How companies craft their competitive strategies depends on where they land on this continuum, Dr. Sheth told Global Atlanta in an interview conducted via Zoom as part of the Authors Amplified series sponsored by the Atlanta Global Studies Center.

For the No. 1 generalist, the challenge is to stay profitable by expanding the market pie or spinning off new products or services to create new sectors. The second-place player is forced with a choice — aggressively challenge the leader or adopt a posture of peaceful coexistence. No. 3 is often the most innovative, hoping to climb the food chain and stay out of the ditch.
Those in the ditch have tougher choices to make — either grow their way out, shed products, submit to an acquisition or refine offerings to grow margins, and thus, profitability.
“If you come from the volume side, you become more and more like a niche player by abandoning must most markets where you are not profitable,” Dr. Sheth said during the virtual event.
This leads to a cycle that has played itself out over thousands of industrial segments, always defaulting back to the equilibrium of the rule of three generalists, a concept that emerged in the marketing literature in the 1970s.
In industries where regulation has not impeded globalization, trade liberalization has enabled this trend to replicate itself across geographies. The Japanese took over the television and electronics markets followed by South Korea and now China, which is also dominating areas like appliances and automotive, Dr. Sheth said.
For multinationals, this means that threats to one’s competitive position can come domestically or from abroad — at any time. Emerging market firms are becoming multinationals with greater ease, leveraging the scale and regulatory protection of their home markets and adopting a “reverse brand life cycle” to get larger by focusing on their domestic market and cost advantages, then move into the premium segment and head abroad once they have established a reputation for quality, he added.
Competing in the 21st century means factoring in global threats and opportunities more than ever, and taking into account the shift in economic and consumer power from the old triad of the U.S., Western Europe and Japan to “the new global triad” of the U.S., China and India — the three largest consumer markets that will define at least the first half of the 21st century.
And that latter becomes more vital as the first two find themselves increasingly at odds.
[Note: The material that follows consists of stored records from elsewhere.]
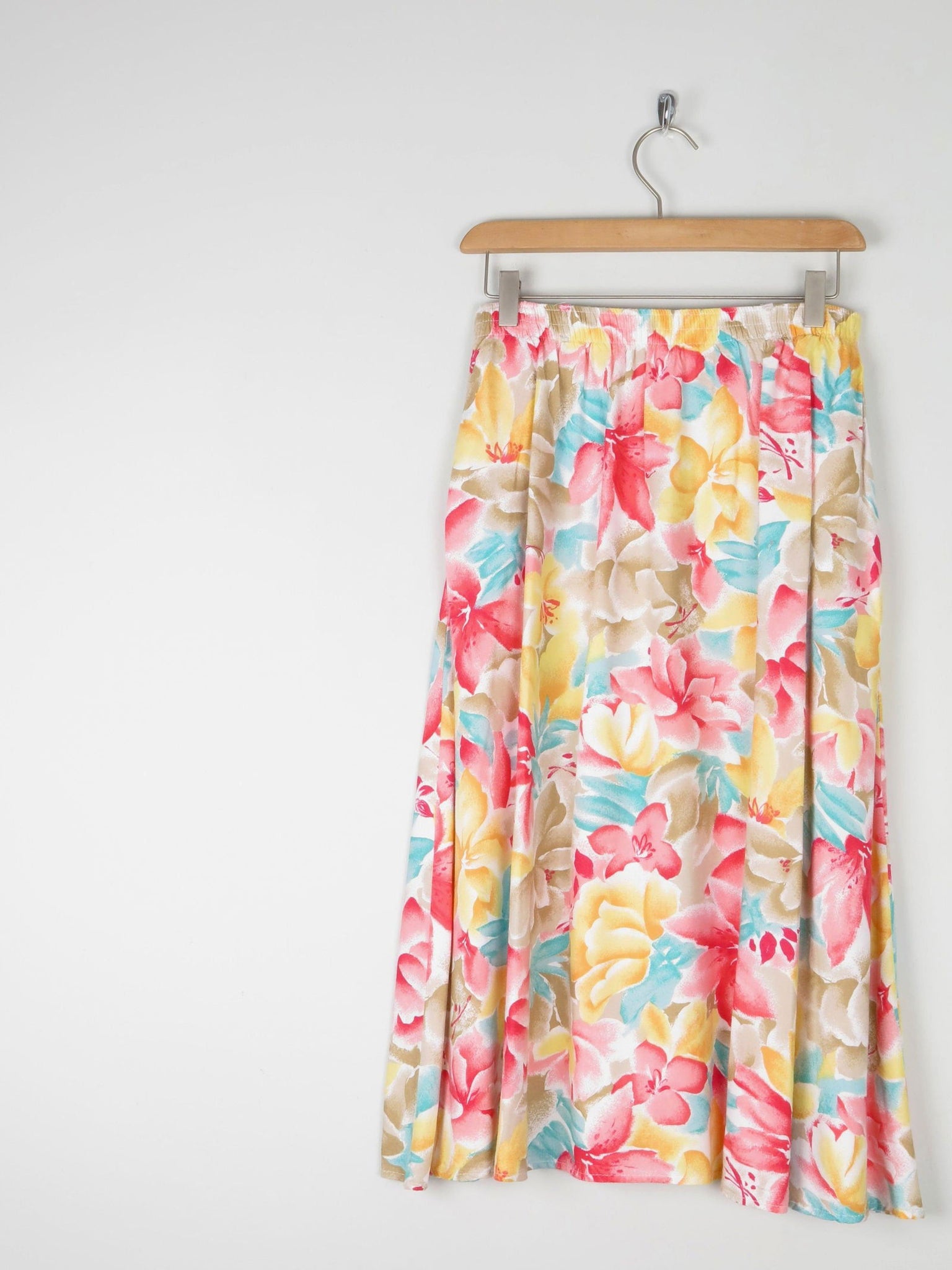 Floral Vintage Skirt With Elasticated Waist S - The Harlequin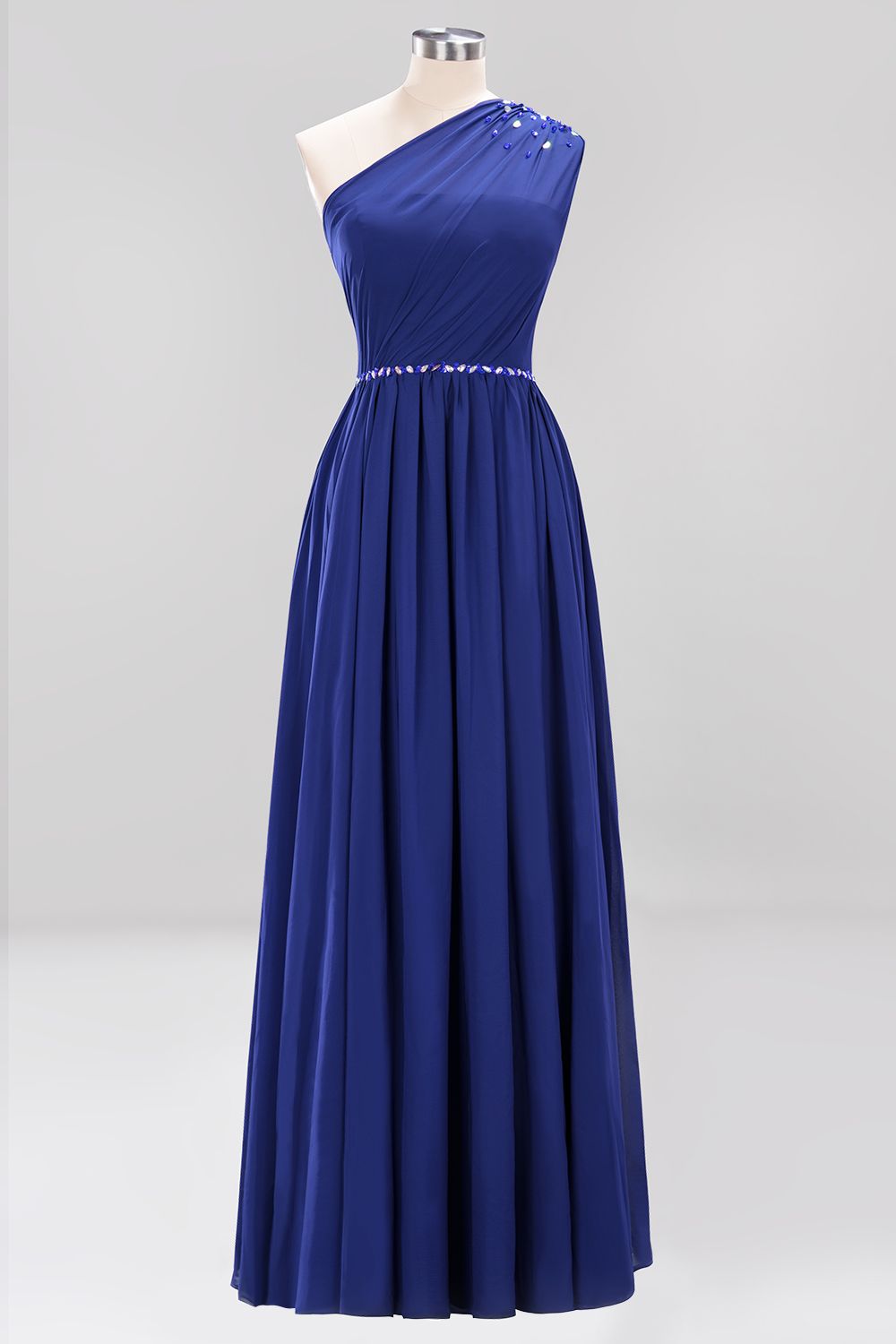 Modest One-shoulder Royal Blue Affordable Bridesmaid Dresses with Beadings Modest One-shoulder Royal Blue Affordable Bridesmaid Dresses with Beadings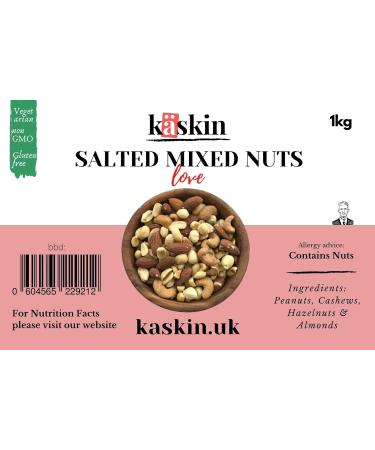 K skin Roasted Salted Mixed Nuts 1kg Premium Cashew Almonds Hazelnuts Peanuts - Buy Online on GoSupps.com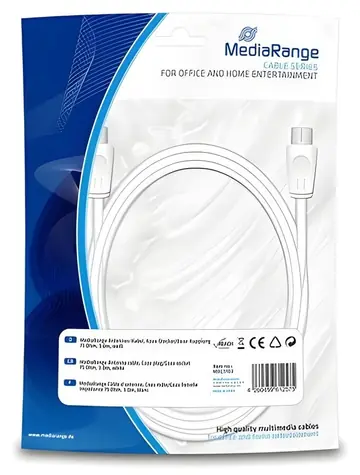 MediaRange MRCS163 bílá / Anténní kabel / konektor - zásuvka / 3 m / 75 Ohm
If there is to be a new Cold War, Dr. Sheth said, it will play out in the realm of industrial policy, as evidenced by President Joe Biden‘s hesitance to take a new tack in the U.S.-China trade war kickstarted by his predecessor.
“The new battle will be fought not on ideology, but on technology,” he said.
With that in view, India is set to become a key alternative for multinationals that have previously relied on the Chinese market but now find it closed off, he said.
“You have to be at least two in three to survive properly as a global player,” Dr. Sheth said. “If the China market is not going to be as accessible because of the geopolitics, then it is in the interest of American corporations to focus even more on India market, because the American market alone is not going to be sufficient.”
Dr. Sheth, who has long promoted the convergence of the world’s two largest consumer markets in “Chindia,” packs the book with prognostications about how entrepreneurship will shape and even eclipse capitalism, how business leaders will take center stage on geopolitics and how governments will drive the creation and development of industries through regulation and standard-setting.
The book is packed with research, insight and examples, culminating in an appendix at back that provides projections of how the top three players will shake out over the next 20 years in more than 60 globally relevant industries.